Une fois cette partie forestière terminée, je débouche sur un plateau rocailleux qui offre une vue imprenable, à la fois sur la mer et sur les montagnes cisaillées qui me font face. Là, tout devient plus clair : les aiguilles de Bavella ne sont rien de plus que la version gigantesque de ces mêmes montagnes, façonnées par l’érosion et le temps. En poursuivant un peu plus loin, je surplombe une belle rivière blottie dans une gorge. Je m’y suis même accordé un petit détour, tant l’endroit est magnifique.
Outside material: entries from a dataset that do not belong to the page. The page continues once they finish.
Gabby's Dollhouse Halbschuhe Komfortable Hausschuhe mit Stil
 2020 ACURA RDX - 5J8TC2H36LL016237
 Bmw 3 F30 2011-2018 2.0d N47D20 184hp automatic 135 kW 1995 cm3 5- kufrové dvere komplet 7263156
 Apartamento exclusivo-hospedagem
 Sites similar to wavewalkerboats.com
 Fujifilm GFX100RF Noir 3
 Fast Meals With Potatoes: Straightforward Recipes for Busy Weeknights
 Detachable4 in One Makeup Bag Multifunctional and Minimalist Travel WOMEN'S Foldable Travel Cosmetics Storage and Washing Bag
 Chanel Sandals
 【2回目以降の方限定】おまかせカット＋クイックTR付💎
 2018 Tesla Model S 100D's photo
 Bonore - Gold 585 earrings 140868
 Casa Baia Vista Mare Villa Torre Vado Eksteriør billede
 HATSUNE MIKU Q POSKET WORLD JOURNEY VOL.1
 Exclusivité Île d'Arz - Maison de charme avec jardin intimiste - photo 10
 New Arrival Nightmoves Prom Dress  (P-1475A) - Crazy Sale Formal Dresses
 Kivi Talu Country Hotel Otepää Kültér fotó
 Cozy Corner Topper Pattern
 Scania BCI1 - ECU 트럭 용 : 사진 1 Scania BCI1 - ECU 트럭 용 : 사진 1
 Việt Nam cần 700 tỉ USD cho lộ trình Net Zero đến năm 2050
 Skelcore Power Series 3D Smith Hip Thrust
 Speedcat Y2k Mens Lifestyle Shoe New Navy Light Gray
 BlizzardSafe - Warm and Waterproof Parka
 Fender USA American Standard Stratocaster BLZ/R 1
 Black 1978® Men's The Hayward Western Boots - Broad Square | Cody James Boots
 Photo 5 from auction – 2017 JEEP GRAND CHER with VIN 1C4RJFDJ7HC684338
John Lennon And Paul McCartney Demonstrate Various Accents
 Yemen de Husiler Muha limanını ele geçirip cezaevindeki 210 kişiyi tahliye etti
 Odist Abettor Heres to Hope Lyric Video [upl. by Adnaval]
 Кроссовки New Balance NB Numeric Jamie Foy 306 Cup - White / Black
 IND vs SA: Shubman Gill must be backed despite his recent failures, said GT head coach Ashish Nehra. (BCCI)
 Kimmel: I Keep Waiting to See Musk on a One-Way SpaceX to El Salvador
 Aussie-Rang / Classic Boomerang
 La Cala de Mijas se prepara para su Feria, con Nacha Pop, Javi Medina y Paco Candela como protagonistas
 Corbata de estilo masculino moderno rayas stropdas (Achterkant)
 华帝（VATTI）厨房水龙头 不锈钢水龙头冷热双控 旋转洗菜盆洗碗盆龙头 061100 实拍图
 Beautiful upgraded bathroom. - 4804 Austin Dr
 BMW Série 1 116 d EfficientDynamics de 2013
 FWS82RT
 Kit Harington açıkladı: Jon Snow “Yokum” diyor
Plus loin encore, je tombe sur un taffoni géant. En passant sous cet abri rocheux, j’arrive enfin au sommet de la cascade : ça y est, je suis arrivé. Mais le reste appartient à l’interdit. Le chemin s’arrête net ici. Bien sûr, il est toujours possible de tenter de descendre plus bas, mais c’est périlleux, je dois l’avouer. D’ailleurs, je vous le dis franchement : à un moment, je n’ai simplement plus vu de sentier. C’était comme s'il fallait plongeait à pic vers le lac, sans détour !
Extrait du journal d'un montagnard #
À noter la présence d’un sapara, qui signifie abri sous roche. Cette appellation est typique du sud de la Corse. Durant l’époque de la transhumance, les bergers partaient dans la montagne, vivant au rythme de leur troupeau. Pour se protéger des intempéries, ils élisaient domicile dans des abris naturels. Ces abris pouvaient être aménagés, ils changeaient alors de nom et devenaient des orria.
Traditionnellement, les bergers portaient une cape à capuche en poil de chèvre, appelée pilonu, et gardaient en permanence leur fusil avec eux.
La cascade n'est pas artificielle en elle-même, mais son débit l'est, plus haut, le lit du ruisseau de Palavenasi est régulé au niveau du barrage de l'Ospédale que j'ai visité plus tardivement, au delà, l'eau vient se jeter dans l'Osu.